15. 波紋をおこす
開館2年目を迎えた秋田市文化創造館のイベントの一つとして、大カタルバーを開催した。まだやるの?と言われながらも、懲りずに「スケボーと秋田のまち」をテーマに。
店主としての想いは、自分が語りたいというよりも、皆が一体どう考えているかを聞きたい。その一点につきる。
大カタルバーの当日は、夜も明けきらないうちに出張先・別府からの大移動。移動中、どうやってバーを回そうか考えようかと思ったが、溜まったメールやチャットの確認をしたり、出張報告をしたためたりするうちに秋田に着いてしまった。空港から文化創造館に向かう途中で昼ご飯をかきこみ、なんとか開始時間前に文化創造館に到着。
とりあえず用意してもらった模造紙と付箋に、これまでの経緯と現時点の悩みみたいなものをキーワードとして書き出して、5時間半の移動でこわばった体をストレッチしながら開店時間を待つ。
書き出したキーワード
「すべての人に場をひらく」
「許容」
「苦情」
「偏見」
「事故等のリスク」
「許可制」
「キックアウト」
「どうすればいい?」
13時20分から、1時間のセッションを2回。
どちらのセッションにおいても、集まった方からたくさんのインプットをいただいた。まるでわんこそばのように、次から次にインプットが注がれるために、咀嚼が追いつかない。


振返り、整理を試みると、2回のセッションの中でいただいたインプットには、大きく2つの種類があるのではないか。

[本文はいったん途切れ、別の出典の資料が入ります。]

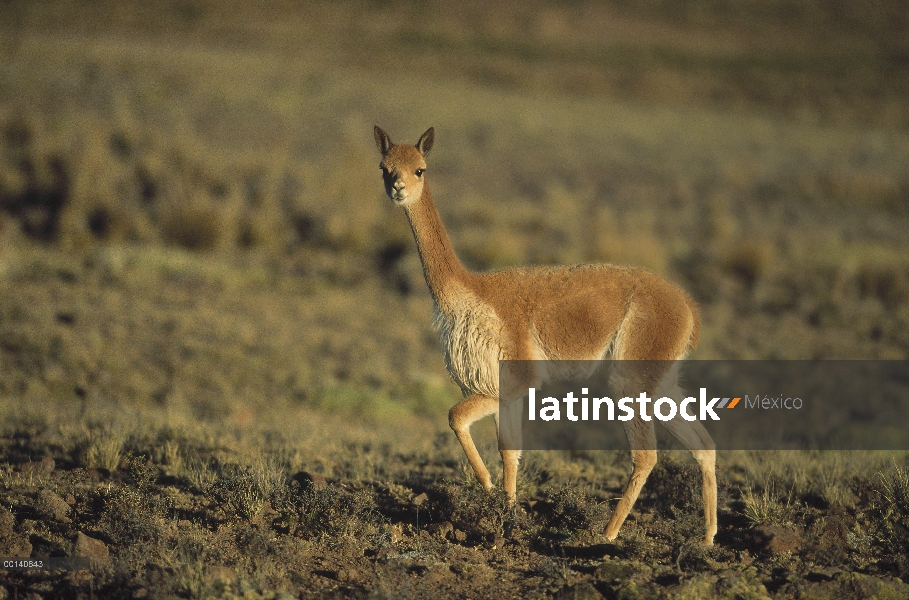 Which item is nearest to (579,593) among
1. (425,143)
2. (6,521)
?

1つ目は、利用者として、または関係者(関係の深度はさまざま)の視点からみた文化創造館の役割や機能の認識について。2つ目は、その役割や機能を発揮・維持するためにやった方が良いことのアイデアや事例について。
文化創造館の役割・機能
これは「中の人」である私にとって、利用者や関係者が文化創造館をどう認識しているかを知ることのできる、非常に興味深いインプットだった。
波紋をおこす場
議論をつづける場
広場または原っぱ(vs 公園またはパーク)
寛容性を高める場
自立し、自治する力を獲得する場
寛容性を高めるために、カテゴライズできないもの(既存の価値観やこれまでの”常識”に収まらないもの)への向き合い方を学ぶことや、他者のことを考える想像力を育むこと、異なる世代や属性間の横のつながりや出会いをつくることができる場という意見をいただいた。
役割や機能を発揮・維持するためにやった方が良いこと
こちらも、この先いったいどうすればよいのか思案しつづけている私(たち)にとっては、有益なインプットであった。
カオスや多様性を容認するためのマネジメントを機能させること
スタッフが議論や交渉をファシリテーションすること
理論武装や街に対する明確なステイトメント、仕組み化も必要
当事者でない人も共感し、巻き込むような成功体験をつくること
柔軟で更新可能なルールメイキングをすること
なかでも背中を押されたのが、「文化創造館は波紋をおこす場」であるという、地元の方の言葉。
私たちからの問いかけで、波紋がおこり、それを受け取った人たちが思考し、アクションをおこすきっかけをつくれないか、と常々考えてはいた。しかし、これまでの状況をみると、高飛び込みの大会でメダル争いを繰り広げるくらい、波紋はほとんど起こっていない実感があったのも事実である。
大カタルバーで得たインプットを振り返り、整理しつつも、そんなことを考えていたところ、おこした波紋への応答(らしきもの)が届きはじめた。